▶ Given data
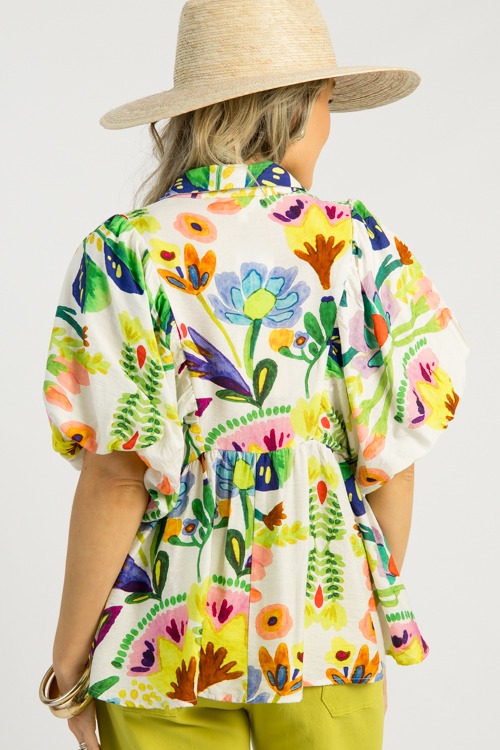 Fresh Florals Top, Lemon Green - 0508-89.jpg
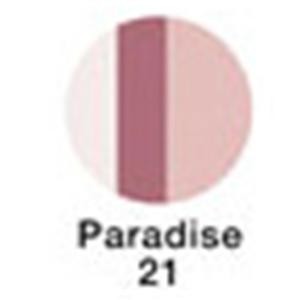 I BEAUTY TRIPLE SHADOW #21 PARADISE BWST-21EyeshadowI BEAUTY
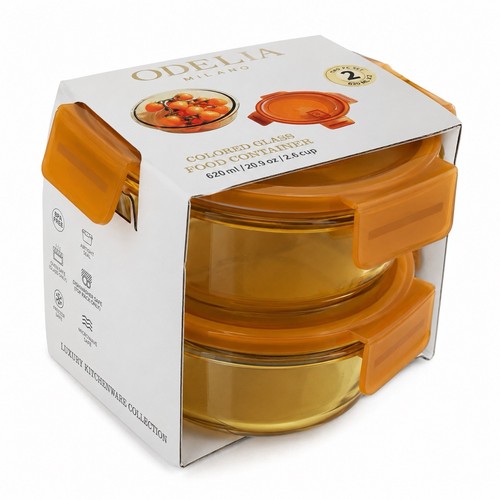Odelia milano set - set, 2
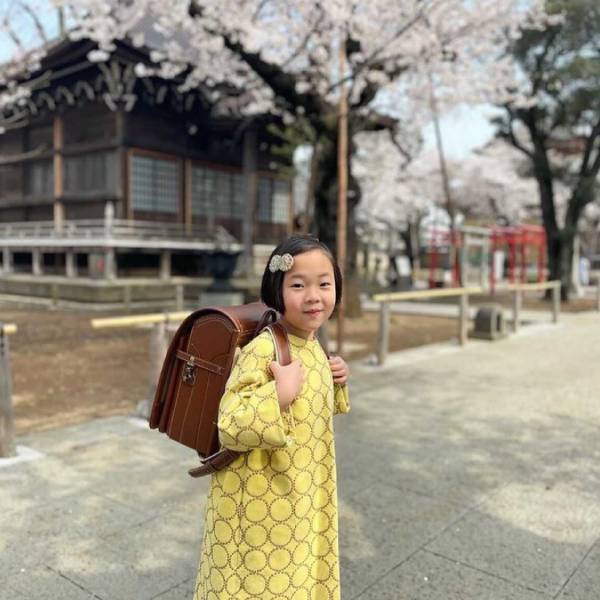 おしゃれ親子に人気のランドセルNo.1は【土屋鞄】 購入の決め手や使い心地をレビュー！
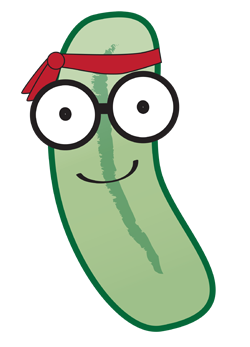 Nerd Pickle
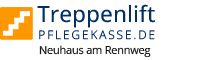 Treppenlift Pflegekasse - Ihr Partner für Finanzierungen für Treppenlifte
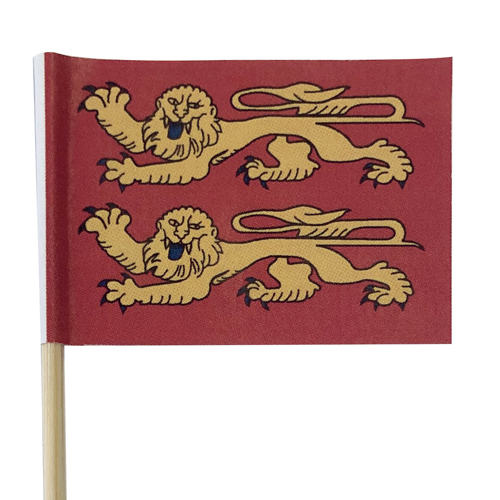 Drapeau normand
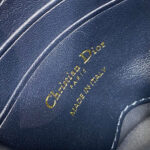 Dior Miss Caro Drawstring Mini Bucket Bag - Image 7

▶ How to complete this task
Please reproduce the lines above from the one containing "Odelia milano set - set, 2" through the final line, exactly and inclusively, leaving out each picture.

▶ Task answer
Odelia milano set - set, 2
 おしゃれ親子に人気のランドセルNo.1は【土屋鞄】 購入の決め手や使い心地をレビュー！
 Nerd Pickle
 Treppenlift Pflegekasse - Ihr Partner für Finanzierungen für Treppenlifte
 Drapeau normand
 Dior Miss Caro Drawstring Mini Bucket Bag - Image 7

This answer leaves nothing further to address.